# Important Question



## Zenas (Oct 5, 2008)

I want to ask advice.

I'm a deacon at my church and I'm getting married in December. We will be living in town, about 30-35 minutes away from the church we both currently attend. 

There is a PCA church about 3 minutes from our townhouse and I have been considering going there for fuel reasons as well as others. However, I was just re-installed for a term on the diaconate until 2010. I filled in for the last year on an empty term, and now I am serving a full term of my own.

My question is, how is this to be handled?

I asked my brother in law who was in the same situation and he viewed it that he had made an oath to fulfill the office so he waited out his term and then moved to the same PCA church that I am considering.

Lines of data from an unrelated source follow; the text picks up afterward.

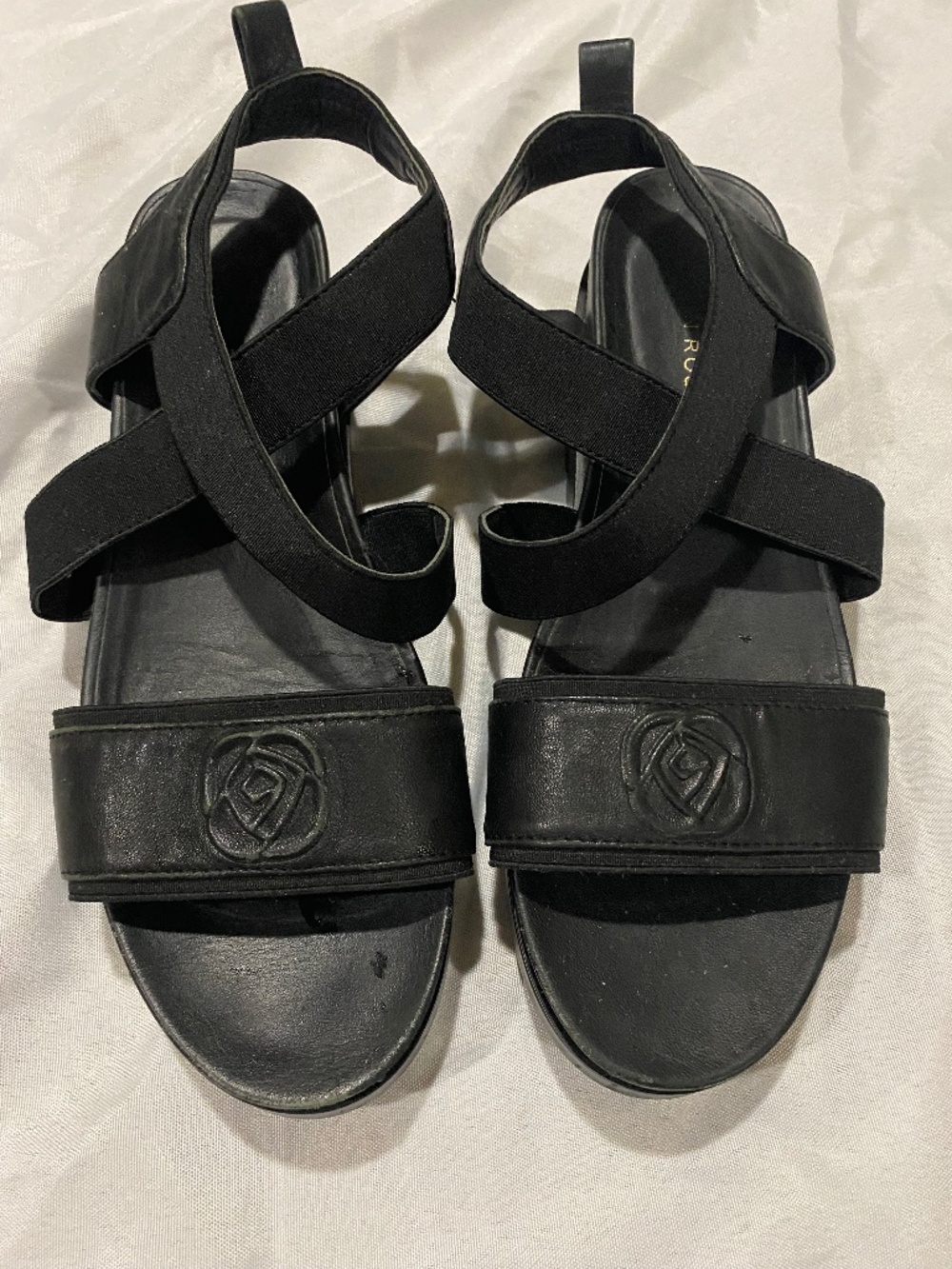 Women’s Black Platform Sandal
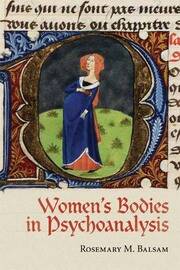 Women's Bodies in Psychoanalysis book cover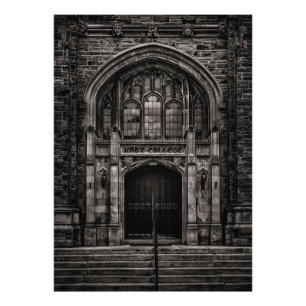 Knox College Entrance No 1 Photo Print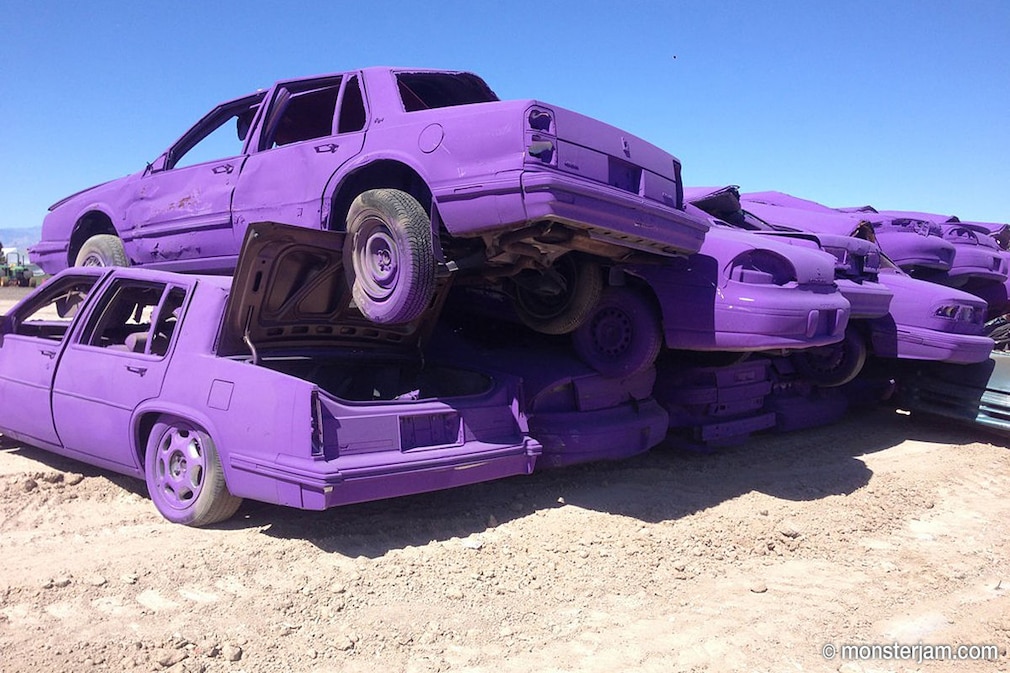 Die krassen Monstertrucks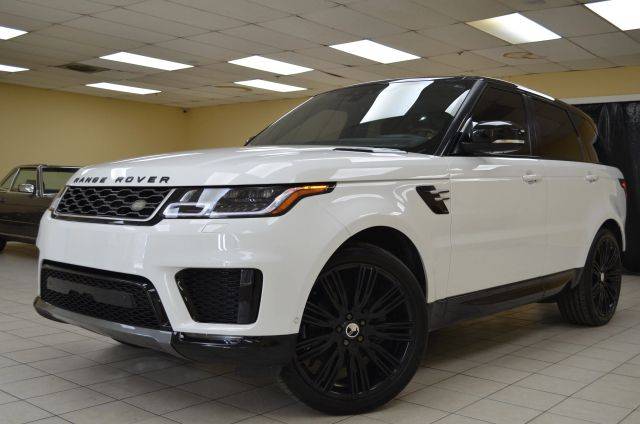 2018 Land Rover Range Rover Sport HSE 4WD photo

This seems sound to me, however, it doesn't comport with reality to me. We're I to be moving to another city (and we pretty much are) or another state, would I drive 2 hours to come back and serve as a deacon? Would I forego moving until my term as a deacon had run out? I wouldn't, but is this right?

Thus I put it to all of you.


----------



## Presbyterian Deacon (Oct 5, 2008)

It would seem that if God in His Providence is leading you to another assembly, (or to relocate for whatever reason, ie- new wife, new job, new home, etc...) that your are not bound by your office in your current church, but are at liberty to resign.

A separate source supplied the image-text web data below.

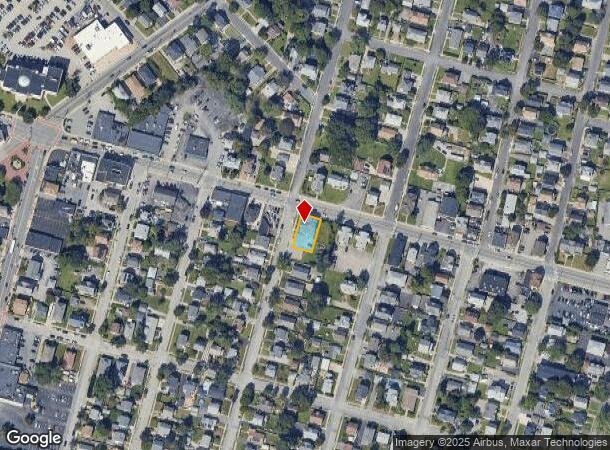  784 Park Ave, Cranston, RI Parcel Map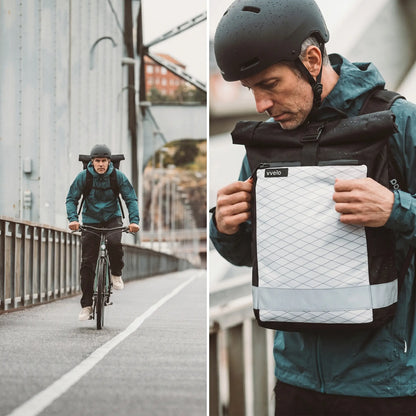 Rucksack weiß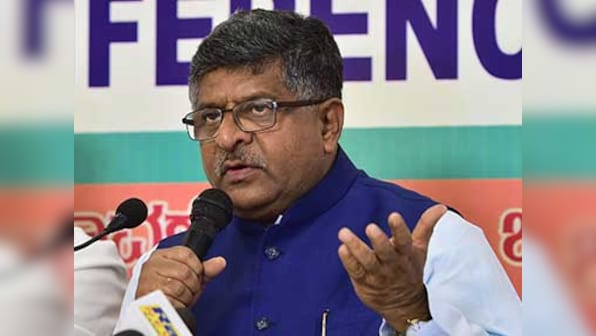 Ravi Shankar Prasad slams Ghulam Nabi Azad over 'embarrassing, irresponsible' comments on Jammu and Kashmir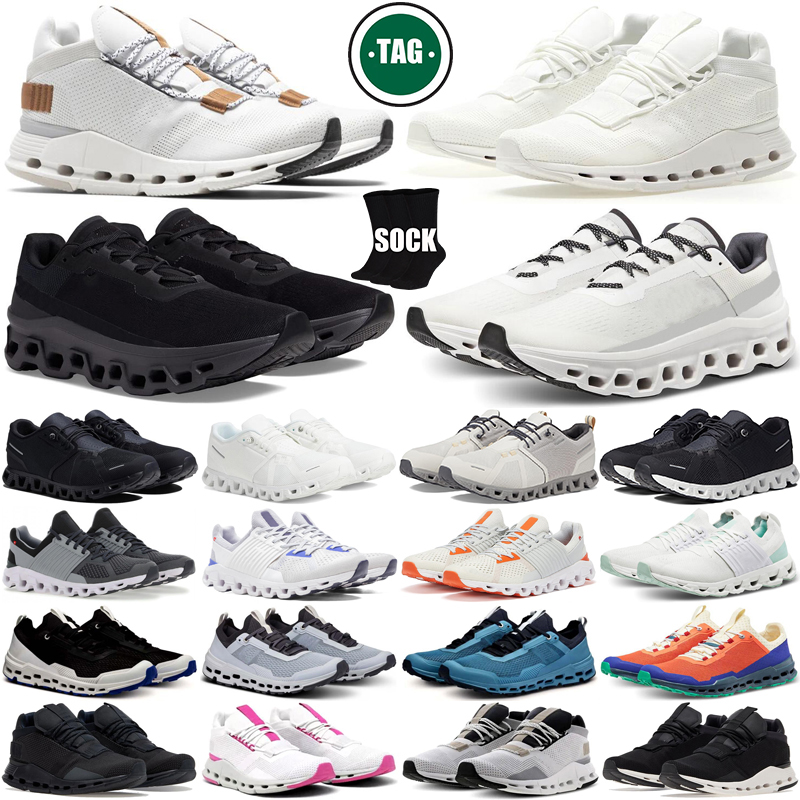 Free Shipping Designer sneakers Running Shoes trainers for mens womens chaussure oncloudds black White pink Outdoor men women Sports runners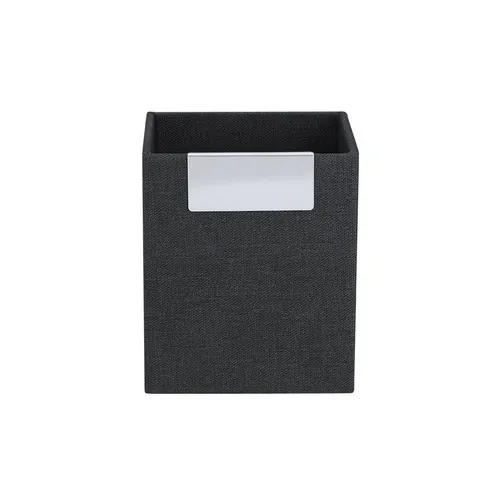 Lapicero RPET 300D bitono con detalle metálico ref 21790 - Negro
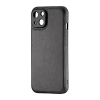 Чехол Jinduka Leather Protected Camera iPhone 14 Black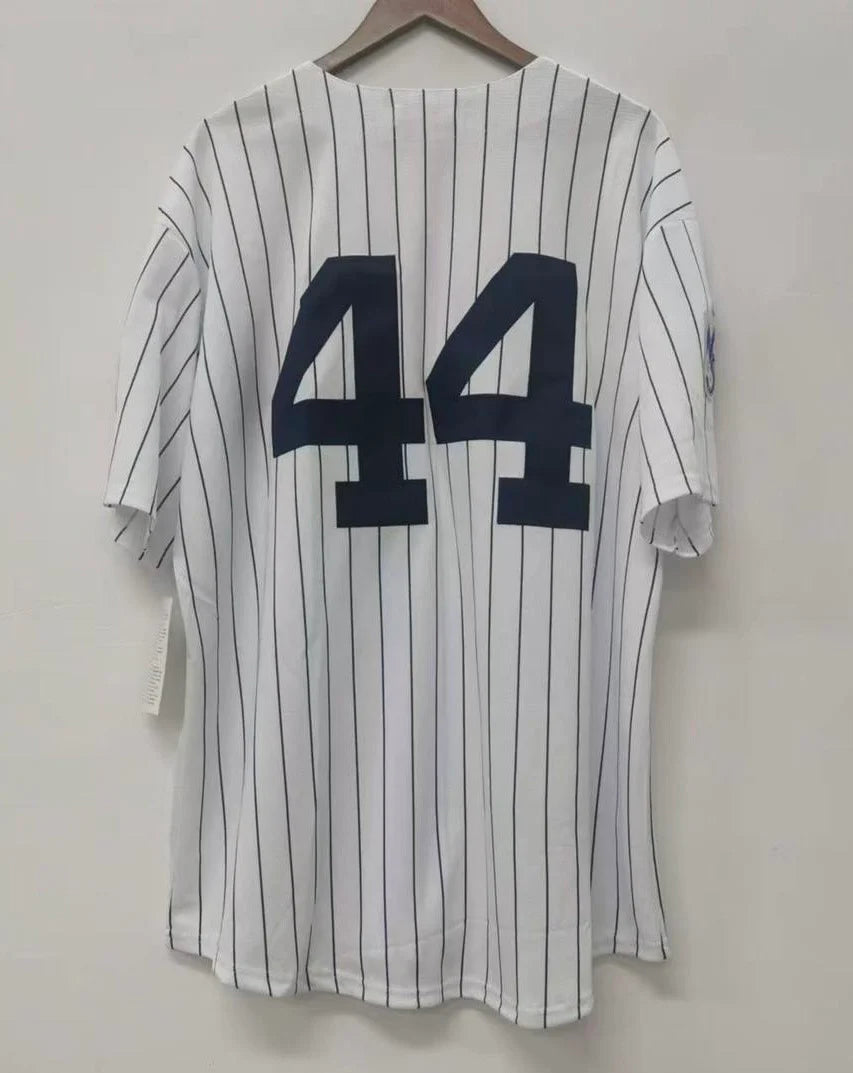 Reggie Jackson New York Yankees Jersey pinstripe 1977-78 Mitchell & Ness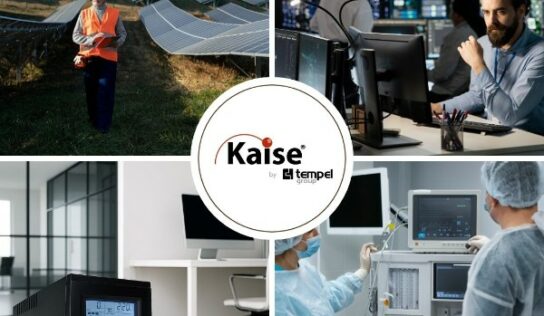 Tempel Group lanza en Colombia la nueva línea de UPS Kaise para hogares, oficinas e industrias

This would be done by meeting with your Pastor and Session and resigning your office. Explain your reasons for leaving to them. As you are not just "church hopping" but have good and valid reasons for leaving your current church, and plan to join another local church closer to where you will be living, I see no reason that your pastor/session should object--or that you should bind your conscience by staying. 

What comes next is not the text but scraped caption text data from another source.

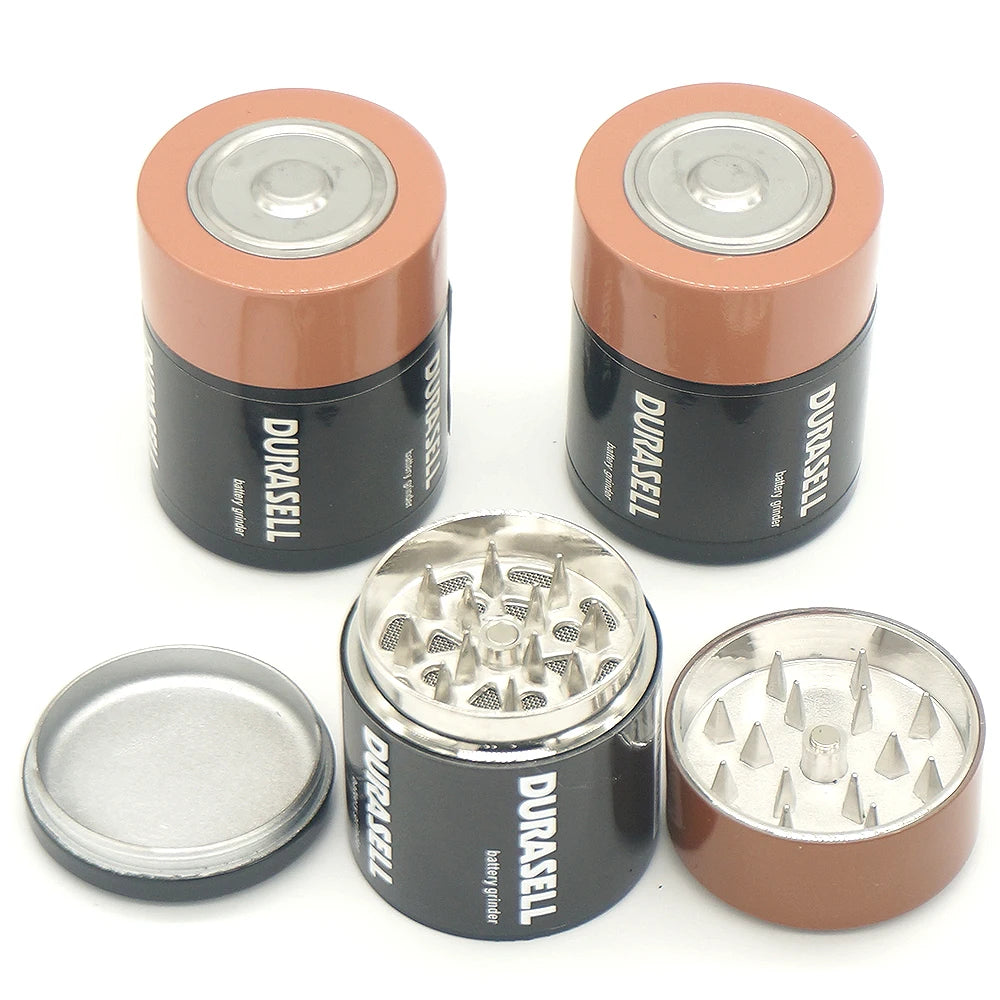 Battery Shape Metal Grinder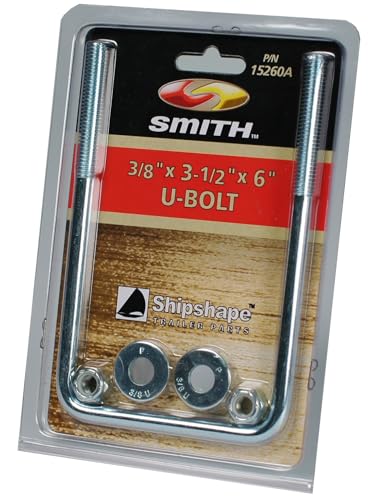 Image of CE Smith - Stainless Steel U-Bolt - U-Bolts for Boat Trailer Accessories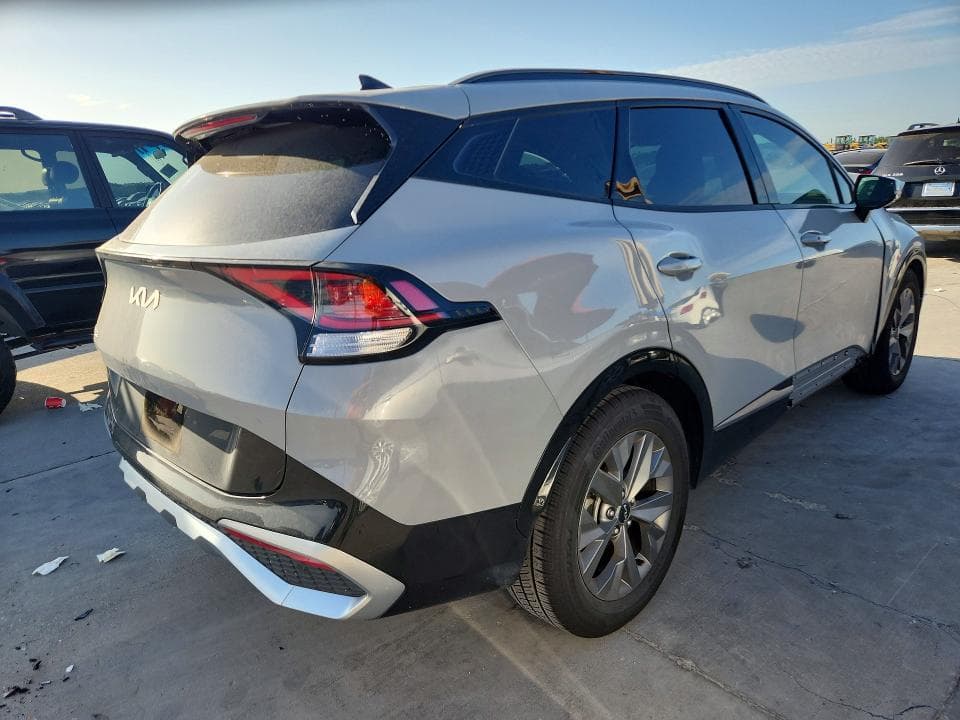 2024 KIA SPORTAGE SX 3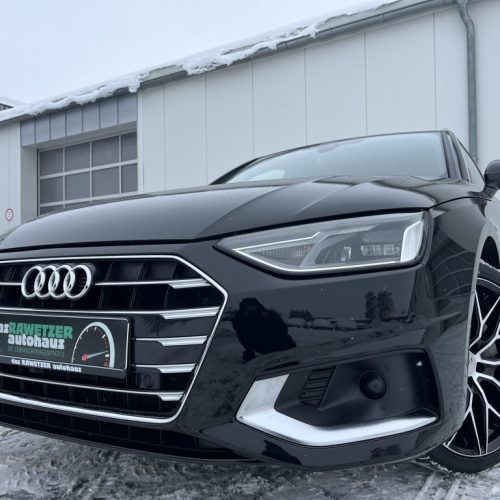 A4 Avant 40 2.0 TDI advanced S-Line Optik 191¤ m.20% Anz. AHK VirtCockpit Navi ACC LED KAMERA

By the way, we just had a member of our diaconate leave our church for similar reasons. He was travelling about 45 minutes one way to come to church. A new church has been planted just around the corner from his house. He leaves our diaconate and church with the approval of our session.


----------



## N. Eshelman (Oct 5, 2008)

Presbyterian Deacon said:


> It would seem that if God in His Providence is leading you to another assembly, (or to relocate for whatever reason, ie- new wife, new job, new home, etc...) that your are not bound by your office in your current church, but are at liberty to resign.



I totally disagree with this reasoning. People will drive all over town for restaurants, entertainment, work, grocers, Costco, etc. but they do not want to drive 30 minutes to worship? 

If you have made vows as an office bearer, you made those vows UNTO THE LORD- he is not calling you elsewhere, he is calling you to fulfill your vows unto him. (The Scriptures say that we are to keep our vows EVEN to our own hurt!)

Besides vows as an office bearer, you have made vows to a congregation, a body of doctrine, and to the ARP. How does saving 20 minutes of drive time free you from those vows? 

Brother, fulfill your vows unto the LORD- don't break them to save $3 a week.


----------



## larryjf (Oct 5, 2008)

I would also advise to fulfill your vows as Deacon in your current church. God's providence has lead you to make a promise to that church and that shouldn't be broken for the sake of money or convenience.
As Christians our word ought to be binding, even to our own hurt.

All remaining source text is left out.